By David Meyer
LPL Financial (LPL) is the largest organization of independent financial advisors in the United States, with more than 13,000 advisors under its wing. It has a responsibility to provide training and supervision to all of these advisors so that their clients' portfolios will contain only investments that are considered suitable for them.
According to the Financial Industry Regulatory Authority (FINRA, an independent regulatory body monitoring securities firms and brokers), LPL didn't do that. Its system for monitoring alternative investments was heavily flawed throughout a 4-1/2-year review period (January 2008 through June 2012).
"Alternative investments" is a broad term used for investment strategies that are different than those employed by typical stocks and bonds. These strategies seek to outperform the market and to provide diversification to a portfolio by having a low correlation to traditional investments.
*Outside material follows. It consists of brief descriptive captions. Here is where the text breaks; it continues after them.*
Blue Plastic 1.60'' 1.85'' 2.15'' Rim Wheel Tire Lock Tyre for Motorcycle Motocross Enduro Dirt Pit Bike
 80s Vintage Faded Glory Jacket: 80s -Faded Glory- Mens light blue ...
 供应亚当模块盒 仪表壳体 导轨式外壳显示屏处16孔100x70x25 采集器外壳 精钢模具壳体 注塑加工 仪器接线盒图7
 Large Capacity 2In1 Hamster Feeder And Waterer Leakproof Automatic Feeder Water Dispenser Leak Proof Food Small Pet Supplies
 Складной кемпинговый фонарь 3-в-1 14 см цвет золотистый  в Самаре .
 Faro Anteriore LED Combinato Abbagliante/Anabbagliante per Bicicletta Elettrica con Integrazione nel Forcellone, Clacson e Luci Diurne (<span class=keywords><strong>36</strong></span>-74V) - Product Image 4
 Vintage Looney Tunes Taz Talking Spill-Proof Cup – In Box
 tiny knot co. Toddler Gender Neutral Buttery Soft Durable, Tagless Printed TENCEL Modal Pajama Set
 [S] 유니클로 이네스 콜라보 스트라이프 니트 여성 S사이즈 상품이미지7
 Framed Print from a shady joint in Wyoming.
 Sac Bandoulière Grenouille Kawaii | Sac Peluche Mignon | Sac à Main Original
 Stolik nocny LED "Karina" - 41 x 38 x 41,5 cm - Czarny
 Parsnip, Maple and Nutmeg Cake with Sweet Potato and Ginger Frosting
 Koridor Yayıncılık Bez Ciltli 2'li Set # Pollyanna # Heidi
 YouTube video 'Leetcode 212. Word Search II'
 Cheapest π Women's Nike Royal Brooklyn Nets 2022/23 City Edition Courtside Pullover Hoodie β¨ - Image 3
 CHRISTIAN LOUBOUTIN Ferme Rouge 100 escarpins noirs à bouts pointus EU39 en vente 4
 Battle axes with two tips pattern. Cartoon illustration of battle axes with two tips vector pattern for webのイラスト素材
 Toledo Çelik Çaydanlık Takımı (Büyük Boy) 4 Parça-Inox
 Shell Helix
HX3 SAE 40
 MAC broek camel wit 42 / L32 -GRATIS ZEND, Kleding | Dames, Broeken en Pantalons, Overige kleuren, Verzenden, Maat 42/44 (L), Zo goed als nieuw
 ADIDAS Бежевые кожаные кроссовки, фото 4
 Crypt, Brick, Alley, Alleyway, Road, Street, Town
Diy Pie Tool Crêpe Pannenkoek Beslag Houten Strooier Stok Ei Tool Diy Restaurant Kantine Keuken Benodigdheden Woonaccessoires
While some SEC-registered investments follow alternative strategies ("liquid alternatives"), most alternative investments are not registered. These unregistered investments carry significantly greater risk, are more complex, are less liquid, and are not appropriate for many investors.
To protect unsophisticated investors and investors with limited assets, the SEC, FINRA, and state regulatory agencies set standards that must be met before advisors under their purview can invest a client in an unregistered investment. Advisors must determine that a client meets suitability standards such as liquid net worth and investment objectives, and then ensure that the concentration of various types of unregistered investments in a portfolio does not exceed specified percentages for that client.
What Got LPL in Trouble?
FINRA looked at the supervisory systems and procedures that LPL had in place to monitor whether advisors were appropriately allowing clients to invest in unregistered investments during the review period. It found numerous systemic deficiencies, which were born out in its review of a sampling of transactions. In a Letter of Acceptance, Waiver and Consent (AWC, #2011027170901) that FINRA signed on March 24, 2014, LPL agreed to a censure and a $950,000 fine.
FINRA reviewed how LPL handled non-traded real estate investment trusts (REITs), oil and gas partnerships, business development companies ("BDCs"), real estate limited partnerships, hedge funds, managed futures and other illiquid pass-through investments. Starting with the grid that advisors used to determine suitability for alternative investments through each step of a three-level review process, LPL's system was flawed. The problems that caused the first level of review to be insufficient tainted the subsequent layers as well.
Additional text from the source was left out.